From the records below, output exactly the lines running from the line containing "Cranberry Dark Chocolate Chunk Cookies" through the line containing "TSA Jester Insanity Torch Coral", and no others.

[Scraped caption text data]
——————

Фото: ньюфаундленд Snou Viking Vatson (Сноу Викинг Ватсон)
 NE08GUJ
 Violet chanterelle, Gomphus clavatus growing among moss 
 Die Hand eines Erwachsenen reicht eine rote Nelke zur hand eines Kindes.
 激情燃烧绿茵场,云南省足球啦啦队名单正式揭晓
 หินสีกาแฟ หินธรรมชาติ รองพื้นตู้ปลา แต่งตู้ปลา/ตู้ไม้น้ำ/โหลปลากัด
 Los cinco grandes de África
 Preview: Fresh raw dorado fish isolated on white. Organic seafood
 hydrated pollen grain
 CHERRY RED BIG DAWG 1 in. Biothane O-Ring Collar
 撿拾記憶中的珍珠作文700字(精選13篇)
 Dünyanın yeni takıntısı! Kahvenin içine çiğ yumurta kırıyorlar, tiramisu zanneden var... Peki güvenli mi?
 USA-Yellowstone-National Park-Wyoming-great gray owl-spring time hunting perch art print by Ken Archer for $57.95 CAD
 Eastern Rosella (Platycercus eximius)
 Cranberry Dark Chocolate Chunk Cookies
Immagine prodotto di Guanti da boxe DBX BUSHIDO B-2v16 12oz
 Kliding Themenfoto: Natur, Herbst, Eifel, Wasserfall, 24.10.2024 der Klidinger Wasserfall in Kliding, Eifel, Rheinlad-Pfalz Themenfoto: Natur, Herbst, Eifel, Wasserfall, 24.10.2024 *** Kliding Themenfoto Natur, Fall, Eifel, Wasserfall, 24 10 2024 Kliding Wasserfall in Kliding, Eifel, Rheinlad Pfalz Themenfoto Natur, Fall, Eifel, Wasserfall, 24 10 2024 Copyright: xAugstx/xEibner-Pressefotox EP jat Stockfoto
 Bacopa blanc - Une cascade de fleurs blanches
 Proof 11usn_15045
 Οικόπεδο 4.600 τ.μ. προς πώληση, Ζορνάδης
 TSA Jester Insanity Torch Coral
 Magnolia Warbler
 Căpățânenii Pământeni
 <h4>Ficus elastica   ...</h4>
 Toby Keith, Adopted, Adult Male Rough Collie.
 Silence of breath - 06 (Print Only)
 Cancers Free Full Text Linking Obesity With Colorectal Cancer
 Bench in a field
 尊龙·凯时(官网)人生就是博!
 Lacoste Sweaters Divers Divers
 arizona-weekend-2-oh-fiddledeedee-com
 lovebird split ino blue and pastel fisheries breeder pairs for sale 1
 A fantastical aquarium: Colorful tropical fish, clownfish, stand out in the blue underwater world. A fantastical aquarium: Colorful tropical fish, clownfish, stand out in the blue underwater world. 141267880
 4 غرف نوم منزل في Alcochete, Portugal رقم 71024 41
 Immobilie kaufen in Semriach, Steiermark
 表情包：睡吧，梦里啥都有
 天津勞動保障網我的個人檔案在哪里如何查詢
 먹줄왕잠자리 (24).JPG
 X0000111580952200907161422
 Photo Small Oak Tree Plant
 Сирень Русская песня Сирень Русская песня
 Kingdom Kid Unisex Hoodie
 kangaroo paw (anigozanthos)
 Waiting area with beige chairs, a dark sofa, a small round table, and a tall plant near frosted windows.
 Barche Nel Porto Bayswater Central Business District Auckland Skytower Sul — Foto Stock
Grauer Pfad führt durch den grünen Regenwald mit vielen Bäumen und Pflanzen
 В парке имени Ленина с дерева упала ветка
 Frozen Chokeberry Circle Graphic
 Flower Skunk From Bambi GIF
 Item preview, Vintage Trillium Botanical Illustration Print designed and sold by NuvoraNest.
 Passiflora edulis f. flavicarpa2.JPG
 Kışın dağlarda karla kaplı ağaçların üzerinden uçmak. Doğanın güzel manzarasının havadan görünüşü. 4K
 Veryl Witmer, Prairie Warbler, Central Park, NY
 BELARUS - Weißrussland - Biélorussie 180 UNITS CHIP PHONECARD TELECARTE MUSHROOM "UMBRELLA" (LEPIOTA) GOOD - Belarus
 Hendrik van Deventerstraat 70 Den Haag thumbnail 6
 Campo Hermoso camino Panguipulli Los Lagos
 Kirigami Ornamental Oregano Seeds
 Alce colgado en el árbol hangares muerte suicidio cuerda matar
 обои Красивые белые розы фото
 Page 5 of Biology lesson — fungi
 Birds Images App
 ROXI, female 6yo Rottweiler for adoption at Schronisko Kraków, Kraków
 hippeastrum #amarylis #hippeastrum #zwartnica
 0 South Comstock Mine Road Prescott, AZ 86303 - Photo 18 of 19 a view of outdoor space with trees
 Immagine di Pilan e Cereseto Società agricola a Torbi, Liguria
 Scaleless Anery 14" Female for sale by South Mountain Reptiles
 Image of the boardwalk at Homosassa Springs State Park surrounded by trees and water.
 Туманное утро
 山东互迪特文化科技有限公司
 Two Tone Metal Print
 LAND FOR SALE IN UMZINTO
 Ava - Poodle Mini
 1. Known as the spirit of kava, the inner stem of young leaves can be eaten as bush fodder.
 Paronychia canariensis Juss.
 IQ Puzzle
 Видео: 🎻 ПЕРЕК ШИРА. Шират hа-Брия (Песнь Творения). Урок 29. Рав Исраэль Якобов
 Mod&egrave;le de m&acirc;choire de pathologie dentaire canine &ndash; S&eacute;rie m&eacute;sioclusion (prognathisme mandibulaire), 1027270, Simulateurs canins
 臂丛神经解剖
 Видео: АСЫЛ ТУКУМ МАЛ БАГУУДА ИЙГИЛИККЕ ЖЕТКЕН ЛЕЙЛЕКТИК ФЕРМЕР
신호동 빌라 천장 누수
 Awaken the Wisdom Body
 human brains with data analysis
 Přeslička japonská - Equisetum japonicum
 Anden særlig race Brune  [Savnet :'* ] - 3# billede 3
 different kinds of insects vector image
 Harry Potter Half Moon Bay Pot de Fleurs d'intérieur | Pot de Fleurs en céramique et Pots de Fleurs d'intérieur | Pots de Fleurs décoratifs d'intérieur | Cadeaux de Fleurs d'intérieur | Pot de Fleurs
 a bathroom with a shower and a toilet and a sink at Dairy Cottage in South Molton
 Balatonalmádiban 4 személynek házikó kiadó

——————

▸ **Result**:
 Cranberry Dark Chocolate Chunk Cookies
Immagine prodotto di Guanti da boxe DBX BUSHIDO B-2v16 12oz
 Kliding Themenfoto: Natur, Herbst, Eifel, Wasserfall, 24.10.2024 der Klidinger Wasserfall in Kliding, Eifel, Rheinlad-Pfalz Themenfoto: Natur, Herbst, Eifel, Wasserfall, 24.10.2024 *** Kliding Themenfoto Natur, Fall, Eifel, Wasserfall, 24 10 2024 Kliding Wasserfall in Kliding, Eifel, Rheinlad Pfalz Themenfoto Natur, Fall, Eifel, Wasserfall, 24 10 2024 Copyright: xAugstx/xEibner-Pressefotox EP jat Stockfoto
 Bacopa blanc - Une cascade de fleurs blanches
 Proof 11usn_15045
 Οικόπεδο 4.600 τ.μ. προς πώληση, Ζορνάδης
 TSA Jester Insanity Torch Coral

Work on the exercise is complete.